I don’t think that anyone can doubt that Blair is a very good speaker. His speech was quite moving to those who were in the hall. It contained some things that even the jaded hacks of The Daily would endorse, such as the need to find constructive ways to get people “off the sick” or the importance of tax credits etc.

It was also moving, after so many years under Tony to hear him acknowledge that this will be his last speech, and effectively say goodbye to the Party.

However, as with all of his conference speeches, there were some things that can just drive me mad. For example, the line “not until we shake ourselves free of the wretched capitulation to the propaganda of the enemy, that somehow we are the ones responsible.”

It’s one of those things he says where he never says what he means, but you know he’s verbally stabbing you in the back. Is he implying that to criticise elements of UK foreign policy and its knock-on effects in strengthening terrorist groups is to “capitulate to the enemy” He didn’t say it, but you always know what he means.

So, we’ll miss the drama, we’ll miss the showmanship and the oratory, but we won’t miss the veiled attacks. Tony Blair’s time in the Labour Party is coming to an end and it’s time for a new way of working in the party where instead of the party telling members how they need to change, the party listens to what people in their communities all over the country are saying and makes its voice heard.

One Response to Editorial: end of an era

  1. Tim Swift says:

    Your last sentence is all very well as long as it is read and followed with care.
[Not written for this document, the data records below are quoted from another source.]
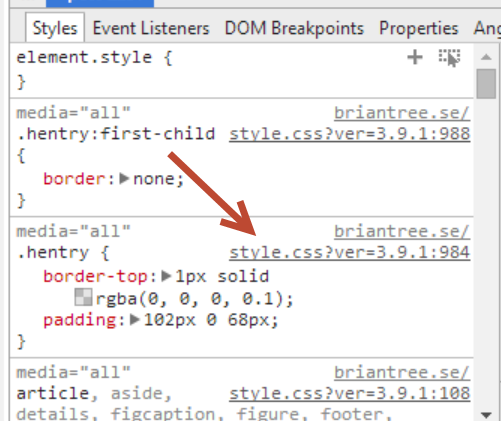 When inspecting styles, click the link to the external stylesheet to open it in the Sources tab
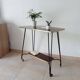 Vintage Formica and wrought iron rolling dessert trolley/side table.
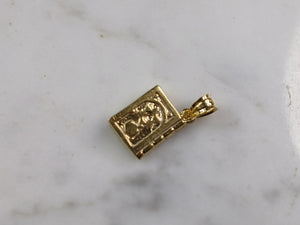 Sterling Silver Gold Tone Jewish Judaica Star of David Pendant, 3.5g E3795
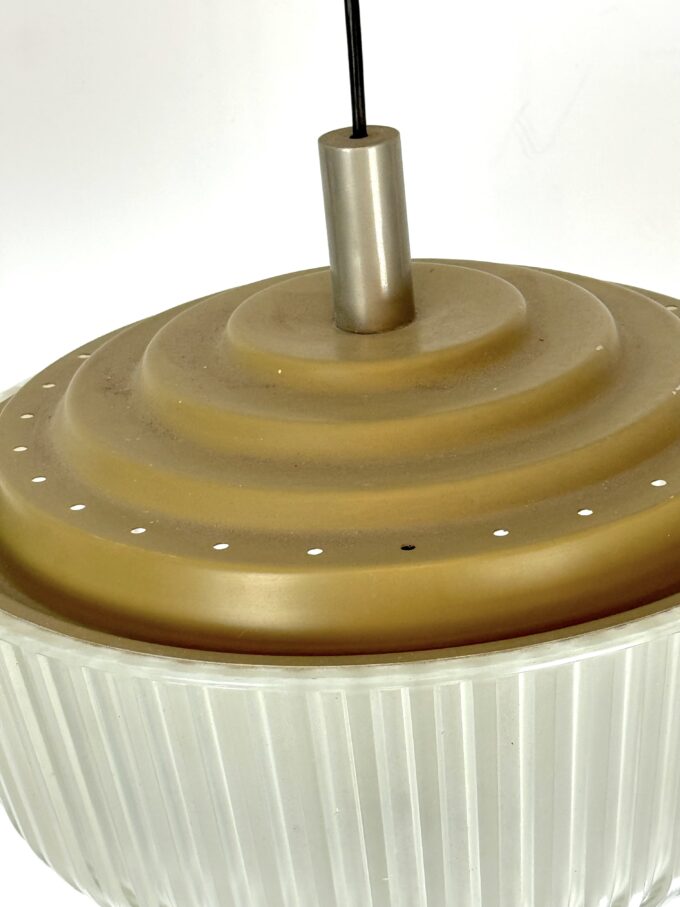 Seguso, Art Deco glass and metal chandelier from 40s.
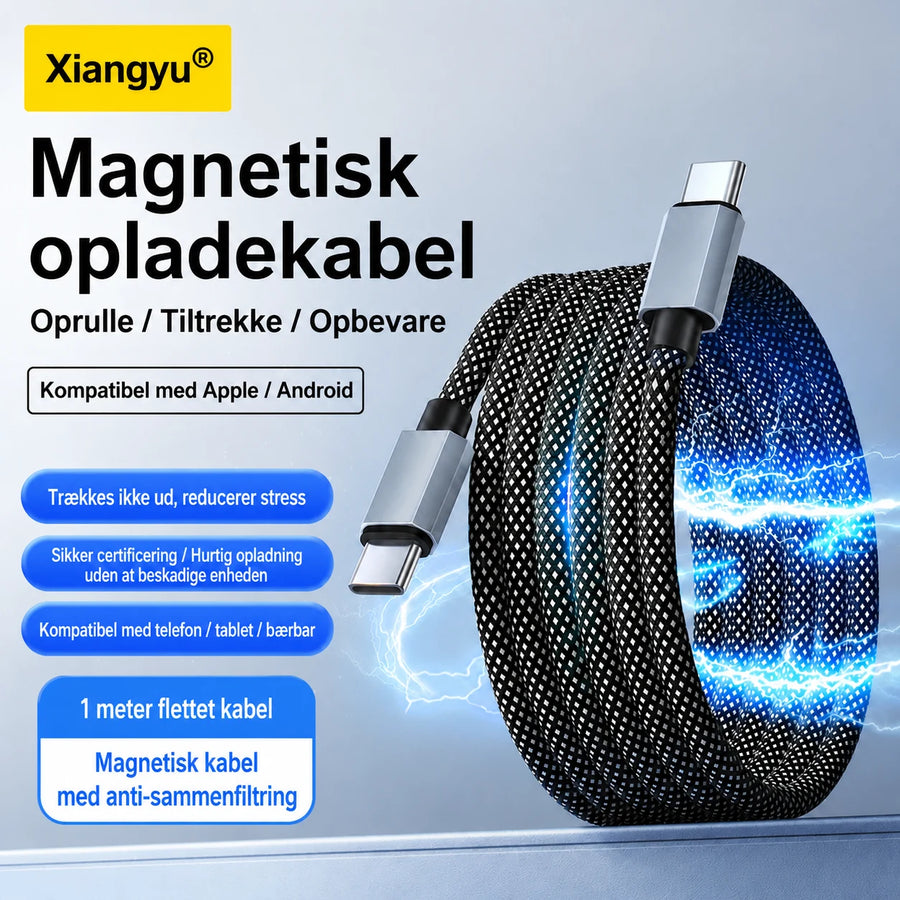 Magnetisk flettet opladekabel op til 100 W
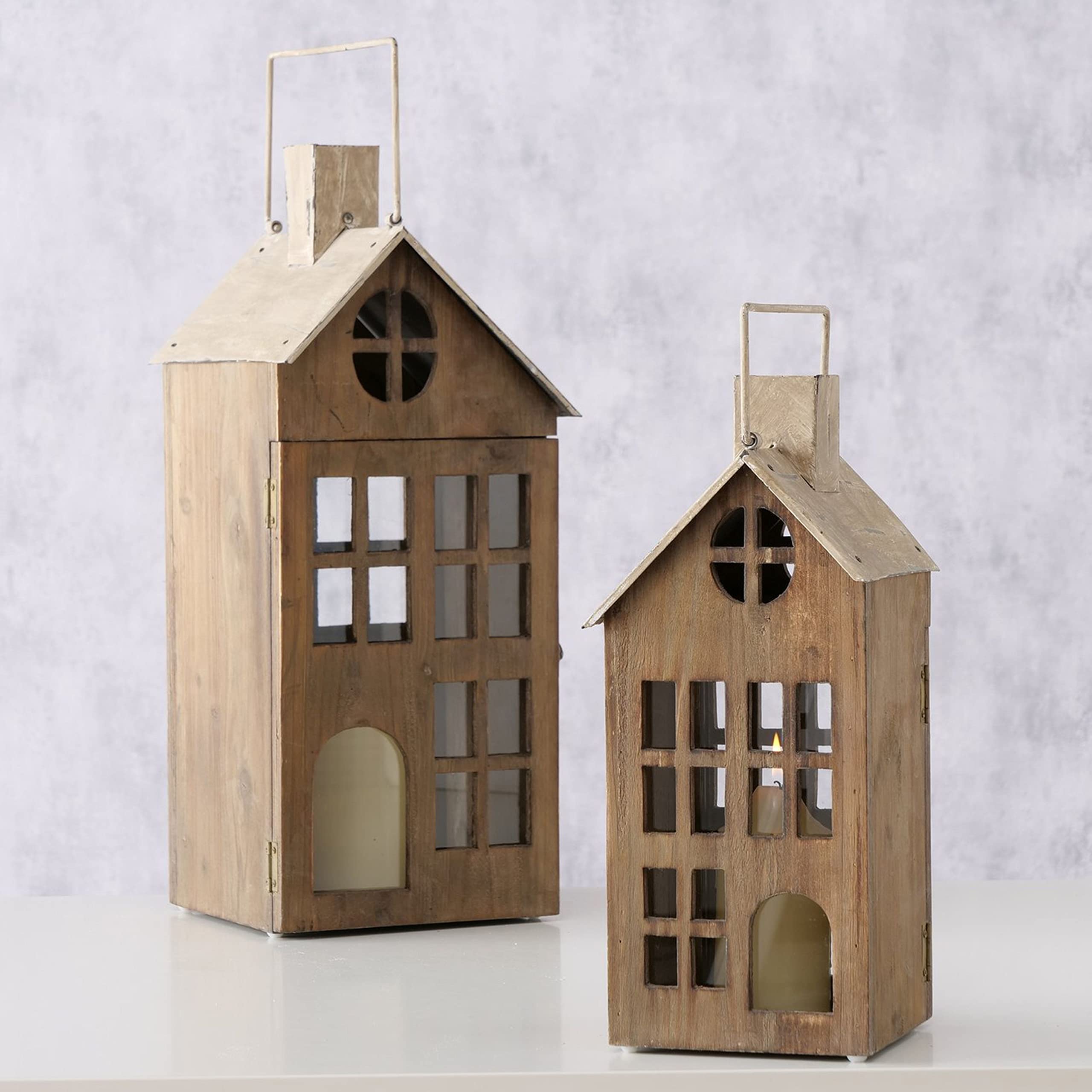 BOLTZE 2tlg. Set Laterne Marling braun aus Holz I Höhe 40cm & 58cm I Deko-Windlicht, Kerzenhalter I Teelicht-Haus I Weihnachts-Dekoration zum Hinstellen I Wohnzimmer, Esstisch I Advent Christmas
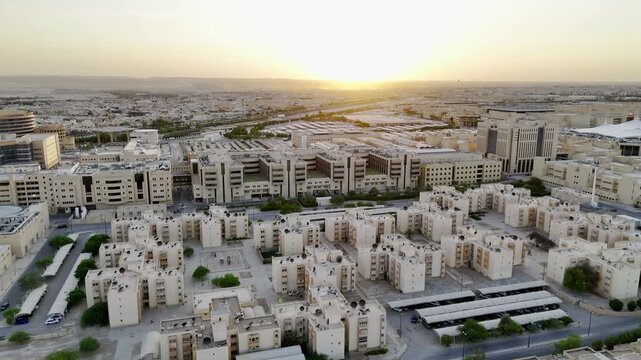 Residential area of Saudi Arabia on the Sunset 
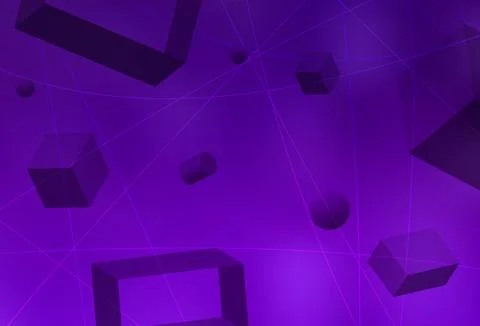 Dark Purple, Pink vector layout with 3D cubes, cylinders, spheres, rectangles イラスト素材
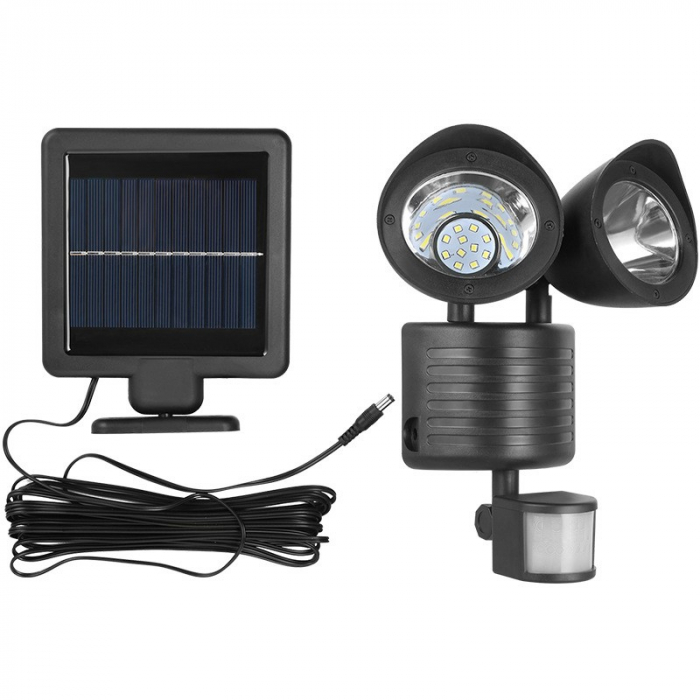 Lampa solara de tip decoratiune pentru gradina, Flippy, model felinar dublu cu senzor de miscare, alb rece [1]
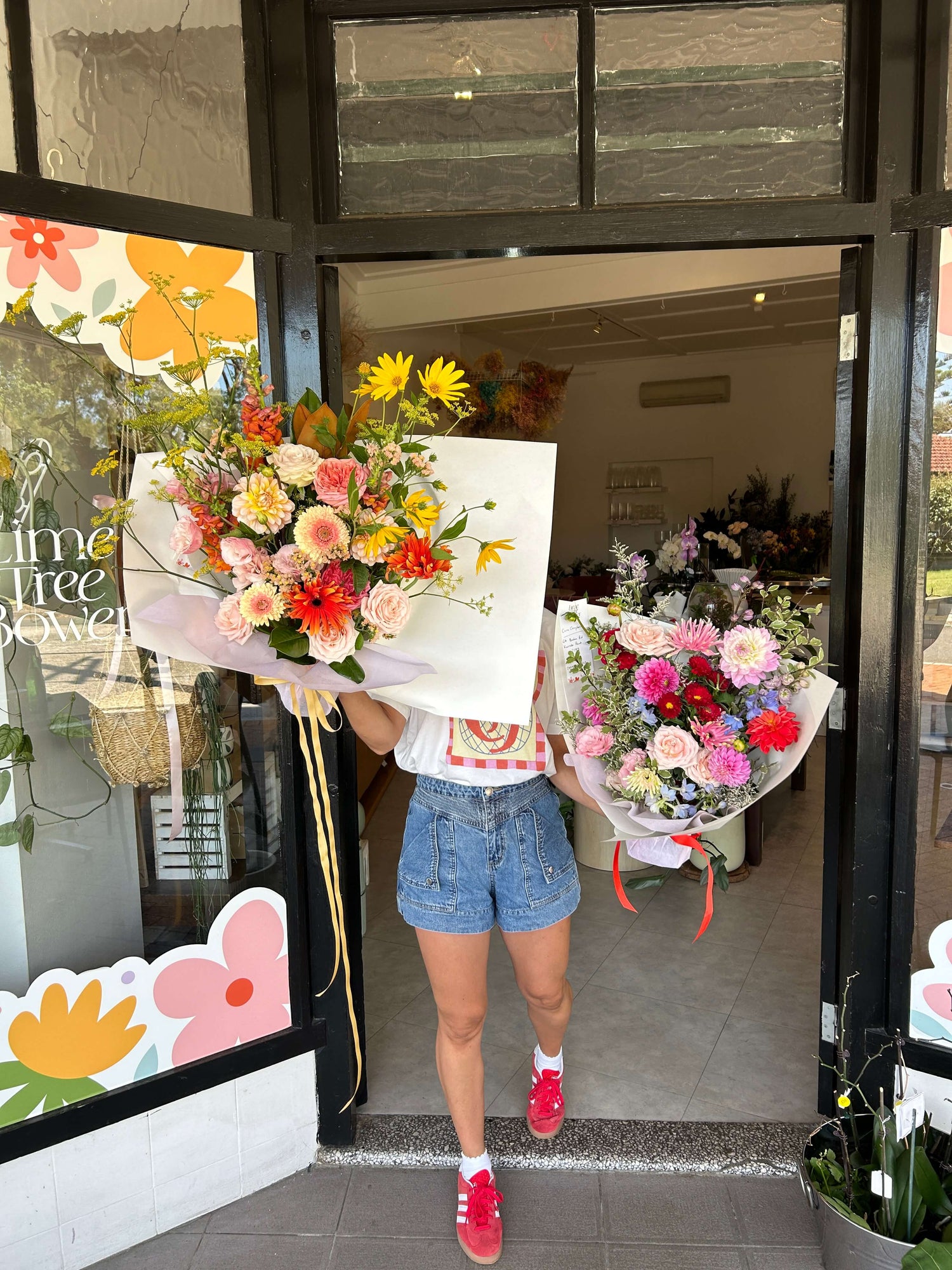 mothers day flowers ready for delivery bouquets in front of flower shop sydney
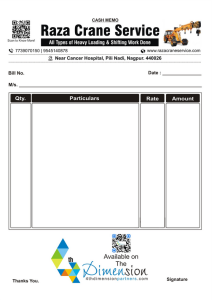 Billbook Memo printing press services in Pili nadi Nagpur, Check sample for Crane service 1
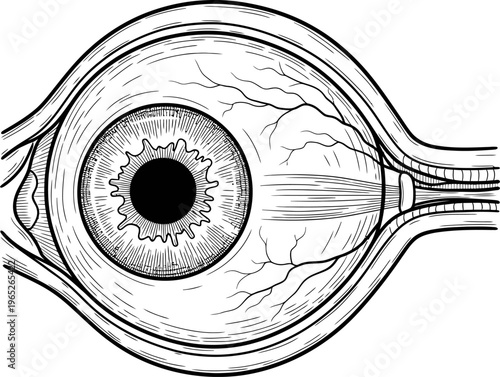 Human Eye Anatomy Cross Section Medical Hand Drawn Line Art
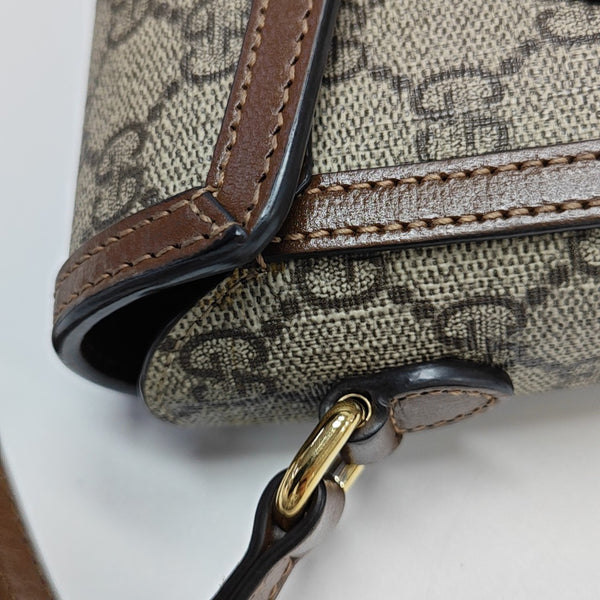 Horsebit 1955 Mini Monogram Coated Canvas Beige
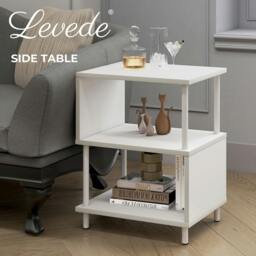Rackhams Side Table 3 Tier Small Bedside Sofa End Table Storage Shelves Modern - thumbnail 2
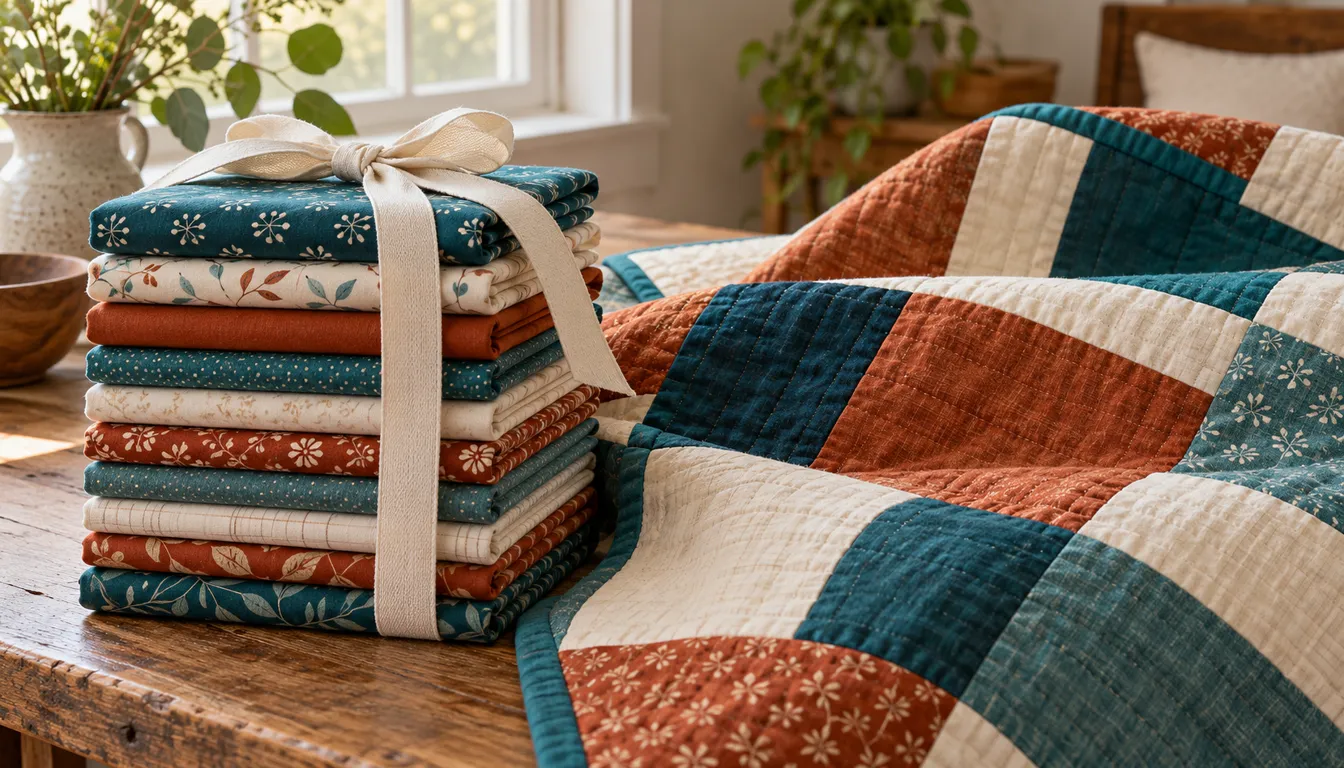 Folded cotton fat quarters tied with ribbon beside a rectangle patchwork quilt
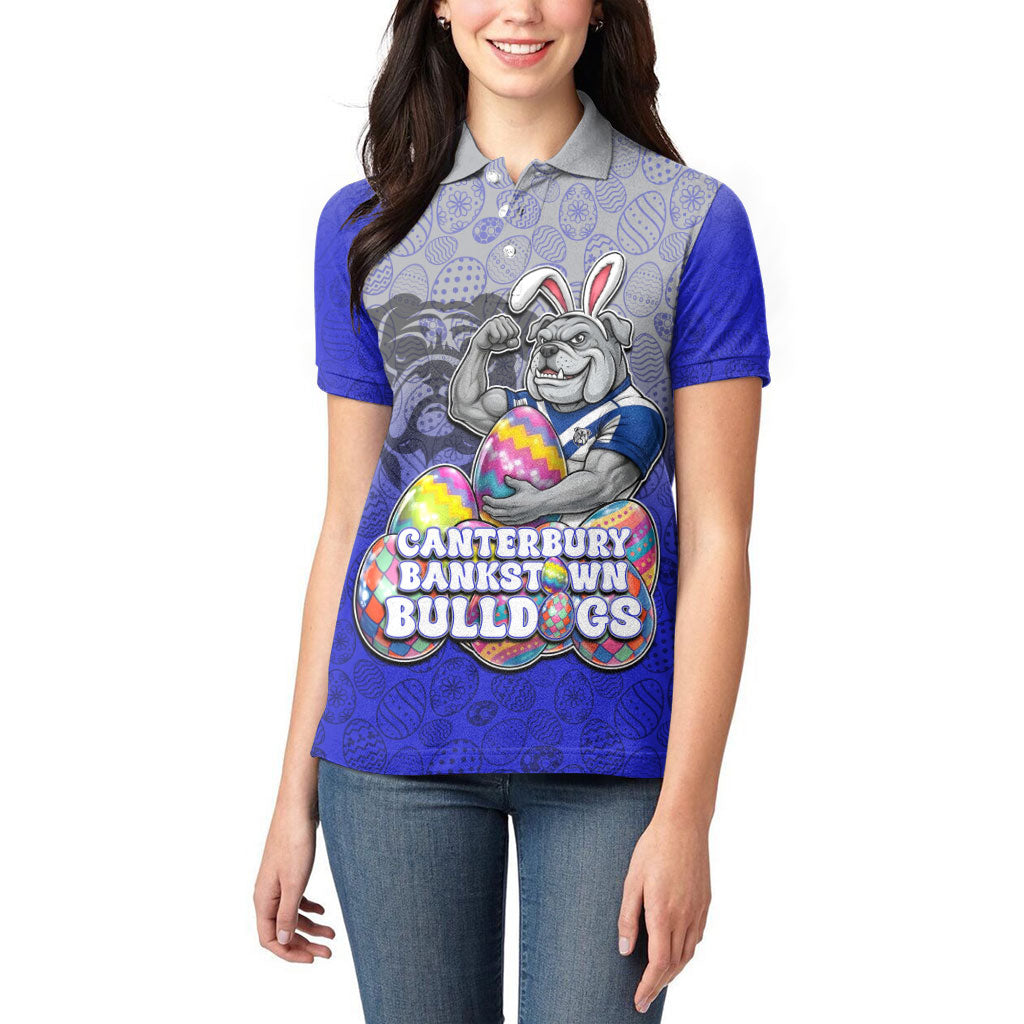 Personalized Canterbury-Bankstown Bulldogs Women Polo Shirt Easter Mascot - Colorful Eggs Cartoon Style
I agree that Labour has to continue to recreate itself as ‘the voice of our communities’ but that does not mean that it is at the moment. I cringe when I hear assumptions being made that the Labour membership is in any state to speak authoritatively about what our supporters – those we have and those we have lost – in communities want and believe. And I worry even more when those claims are made on behalf of the minority of us who are daft enough to go regularly to branch and party members.

    Recasting the party to be more inclusive yes, but let’s start with a recognition of the obligation this places on active members to recruit more, and to work in a way that makes us genuinely in touch with, and able to speak with and for, our communities.